Task prompt ->
Every entry needs to be written out again exactly.

┌─ Exercise inputs

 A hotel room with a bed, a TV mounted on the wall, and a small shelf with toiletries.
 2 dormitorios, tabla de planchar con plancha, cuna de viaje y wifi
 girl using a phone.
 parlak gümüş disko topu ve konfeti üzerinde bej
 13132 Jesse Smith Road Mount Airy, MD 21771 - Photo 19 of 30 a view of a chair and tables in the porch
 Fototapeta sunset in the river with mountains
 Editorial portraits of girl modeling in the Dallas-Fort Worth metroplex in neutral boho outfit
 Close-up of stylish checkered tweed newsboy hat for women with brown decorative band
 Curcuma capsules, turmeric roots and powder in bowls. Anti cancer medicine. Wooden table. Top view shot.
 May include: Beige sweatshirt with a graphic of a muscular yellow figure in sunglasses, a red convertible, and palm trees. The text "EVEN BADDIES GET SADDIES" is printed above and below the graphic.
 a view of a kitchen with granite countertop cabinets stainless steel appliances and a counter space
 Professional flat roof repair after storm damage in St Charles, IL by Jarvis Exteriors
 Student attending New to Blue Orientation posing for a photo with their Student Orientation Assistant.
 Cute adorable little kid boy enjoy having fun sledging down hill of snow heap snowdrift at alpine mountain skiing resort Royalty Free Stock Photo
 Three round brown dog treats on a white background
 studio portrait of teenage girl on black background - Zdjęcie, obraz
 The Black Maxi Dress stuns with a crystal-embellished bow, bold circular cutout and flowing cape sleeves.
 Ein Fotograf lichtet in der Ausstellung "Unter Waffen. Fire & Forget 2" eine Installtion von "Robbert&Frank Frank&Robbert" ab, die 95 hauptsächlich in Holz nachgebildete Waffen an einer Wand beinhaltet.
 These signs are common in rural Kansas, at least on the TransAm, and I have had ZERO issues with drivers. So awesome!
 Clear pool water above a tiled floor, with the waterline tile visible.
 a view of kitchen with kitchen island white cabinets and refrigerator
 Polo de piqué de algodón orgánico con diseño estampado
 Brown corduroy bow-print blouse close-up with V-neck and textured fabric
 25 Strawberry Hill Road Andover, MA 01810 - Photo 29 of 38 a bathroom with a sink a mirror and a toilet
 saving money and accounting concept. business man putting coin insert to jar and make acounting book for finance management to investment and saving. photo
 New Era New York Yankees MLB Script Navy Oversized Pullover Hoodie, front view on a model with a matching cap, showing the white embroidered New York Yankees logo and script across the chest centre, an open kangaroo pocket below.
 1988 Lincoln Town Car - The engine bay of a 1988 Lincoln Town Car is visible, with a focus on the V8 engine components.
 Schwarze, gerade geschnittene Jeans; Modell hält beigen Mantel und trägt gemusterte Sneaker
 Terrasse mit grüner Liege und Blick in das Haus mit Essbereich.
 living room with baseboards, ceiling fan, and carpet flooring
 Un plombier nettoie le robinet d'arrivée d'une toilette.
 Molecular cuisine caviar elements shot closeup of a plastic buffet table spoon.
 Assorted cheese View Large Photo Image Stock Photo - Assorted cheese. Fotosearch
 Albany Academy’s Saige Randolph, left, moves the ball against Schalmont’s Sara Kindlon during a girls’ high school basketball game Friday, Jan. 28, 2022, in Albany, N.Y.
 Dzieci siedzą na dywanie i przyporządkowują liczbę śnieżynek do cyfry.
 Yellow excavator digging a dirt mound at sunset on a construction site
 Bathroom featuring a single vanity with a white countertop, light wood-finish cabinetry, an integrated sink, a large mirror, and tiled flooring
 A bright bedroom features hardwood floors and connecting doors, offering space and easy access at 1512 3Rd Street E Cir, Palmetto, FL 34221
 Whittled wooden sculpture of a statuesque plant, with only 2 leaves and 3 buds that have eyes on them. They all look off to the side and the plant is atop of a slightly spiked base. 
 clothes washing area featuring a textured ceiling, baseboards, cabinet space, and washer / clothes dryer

└─

Reply to the task ->
 A hotel room with a bed, a TV mounted on the wall, and a small shelf with toiletries.
 2 dormitorios, tabla de planchar con plancha, cuna de viaje y wifi
 girl using a phone.
 parlak gümüş disko topu ve konfeti üzerinde bej
 13132 Jesse Smith Road Mount Airy, MD 21771 - Photo 19 of 30 a view of a chair and tables in the porch
 Fototapeta sunset in the river with mountains
 Editorial portraits of girl modeling in the Dallas-Fort Worth metroplex in neutral boho outfit
 Close-up of stylish checkered tweed newsboy hat for women with brown decorative band
 Curcuma capsules, turmeric roots and powder in bowls. Anti cancer medicine. Wooden table. Top view shot.
 May include: Beige sweatshirt with a graphic of a muscular yellow figure in sunglasses, a red convertible, and palm trees. The text "EVEN BADDIES GET SADDIES" is printed above and below the graphic.
 a view of a kitchen with granite countertop cabinets stainless steel appliances and a counter space
 Professional flat roof repair after storm damage in St Charles, IL by Jarvis Exteriors
 Student attending New to Blue Orientation posing for a photo with their Student Orientation Assistant.
 Cute adorable little kid boy enjoy having fun sledging down hill of snow heap snowdrift at alpine mountain skiing resort Royalty Free Stock Photo
 Three round brown dog treats on a white background
 studio portrait of teenage girl on black background - Zdjęcie, obraz
 The Black Maxi Dress stuns with a crystal-embellished bow, bold circular cutout and flowing cape sleeves.
 Ein Fotograf lichtet in der Ausstellung "Unter Waffen. Fire & Forget 2" eine Installtion von "Robbert&Frank Frank&Robbert" ab, die 95 hauptsächlich in Holz nachgebildete Waffen an einer Wand beinhaltet.
 These signs are common in rural Kansas, at least on the TransAm, and I have had ZERO issues with drivers. So awesome!
 Clear pool water above a tiled floor, with the waterline tile visible.
 a view of kitchen with kitchen island white cabinets and refrigerator
 Polo de piqué de algodón orgánico con diseño estampado
 Brown corduroy bow-print blouse close-up with V-neck and textured fabric
 25 Strawberry Hill Road Andover, MA 01810 - Photo 29 of 38 a bathroom with a sink a mirror and a toilet
 saving money and accounting concept. business man putting coin insert to jar and make acounting book for finance management to investment and saving. photo
 New Era New York Yankees MLB Script Navy Oversized Pullover Hoodie, front view on a model with a matching cap, showing the white embroidered New York Yankees logo and script across the chest centre, an open kangaroo pocket below.
 1988 Lincoln Town Car - The engine bay of a 1988 Lincoln Town Car is visible, with a focus on the V8 engine components.
 Schwarze, gerade geschnittene Jeans; Modell hält beigen Mantel und trägt gemusterte Sneaker
 Terrasse mit grüner Liege und Blick in das Haus mit Essbereich.
 living room with baseboards, ceiling fan, and carpet flooring
 Un plombier nettoie le robinet d'arrivée d'une toilette.
 Molecular cuisine caviar elements shot closeup of a plastic buffet table spoon.
 Assorted cheese View Large Photo Image Stock Photo - Assorted cheese. Fotosearch
 Albany Academy’s Saige Randolph, left, moves the ball against Schalmont’s Sara Kindlon during a girls’ high school basketball game Friday, Jan. 28, 2022, in Albany, N.Y.
 Dzieci siedzą na dywanie i przyporządkowują liczbę śnieżynek do cyfry.
 Yellow excavator digging a dirt mound at sunset on a construction site
 Bathroom featuring a single vanity with a white countertop, light wood-finish cabinetry, an integrated sink, a large mirror, and tiled flooring
 A bright bedroom features hardwood floors and connecting doors, offering space and easy access at 1512 3Rd Street E Cir, Palmetto, FL 34221
 Whittled wooden sculpture of a statuesque plant, with only 2 leaves and 3 buds that have eyes on them. They all look off to the side and the plant is atop of a slightly spiked base. 
 clothes washing area featuring a textured ceiling, baseboards, cabinet space, and washer / clothes dryer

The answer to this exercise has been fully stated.